Também encontramos muitos pensadores da sociedade brasileira, exemplificados por Alberto de Seixas Martins Torres, Hermes Lima e Victor Nunes Leal, por juristas do porte de Eduardo Espínola, Francisco Manoel Xavier de Albuquerque, José Filadelfo de Barros e Azevedo, Orozimbo Nonato da Silva, Pedro Augusto Carneiro Lessa, Themístocles Brandão Cavalcanti e do tributarista Aliomar de Andrada Baleeiro.
E hoje? Que deserto de ideias! Todos rezando na cartilha do Consenso de Washington (1989) e adotando causas identitárias, preferindo agradar as finanças à lei, autorizando alienações da Petrobrás, como se subsidiárias não fossem departamentos, com personalidade jurídica própria apenas para flexibilidade administrativa.

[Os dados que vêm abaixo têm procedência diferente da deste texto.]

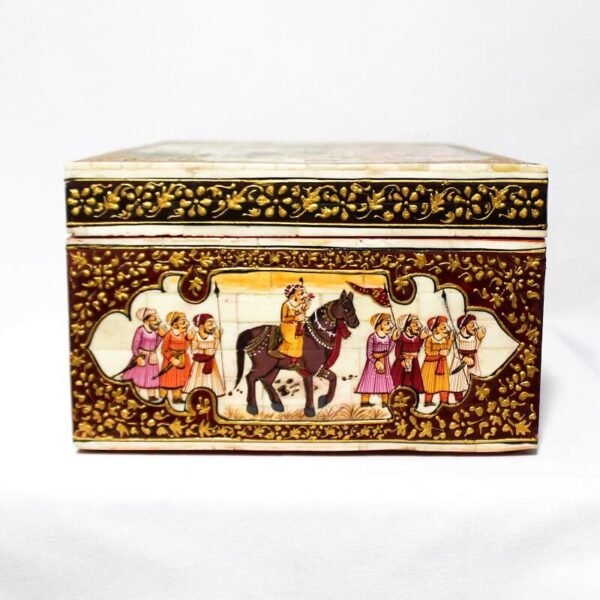 Miniature Hand-Painted Bone Box – Mughal Era1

Mas quem dos onze ministros debateria questões administrativistas? Ou controvérsias civilistas? Ou penalistas? Ou constitucionalistas? Poucos talvez ainda ensaiassem discutir questões processuais, mas, certamente, sem a presença da pessoa ou da obra de Arnoldo Wald, Caio Mário da Silva Pereira, o que não dizer do professor Humberto Theodoro Júnior?
Leiam-se as palavras com que o estudioso e ativo Clóvis Beviláqua inicia a “Introdução” da sua “Teoria Geral do Direito Civil”, na 2ª edição, alertando, no prefácio, terem sidos “decorridos vinte anos da primeira, de 1908”:
“Por ciência do direito, pretendo significar, com Hermann Post (Allgemeine Rechtswissenschaft, 1891), a exposição sistematizada de todos os fenômenos da vida jurídica da humanidade e a determinação de suas causas. E, como a vida jurídica, por um lado, se manifesta sob a forma de leis e usos jurídicos, e, por outro, é operação da consciência individual, a ciência geral do direito é, ao mesmo tempo, sociologia e psicologia”.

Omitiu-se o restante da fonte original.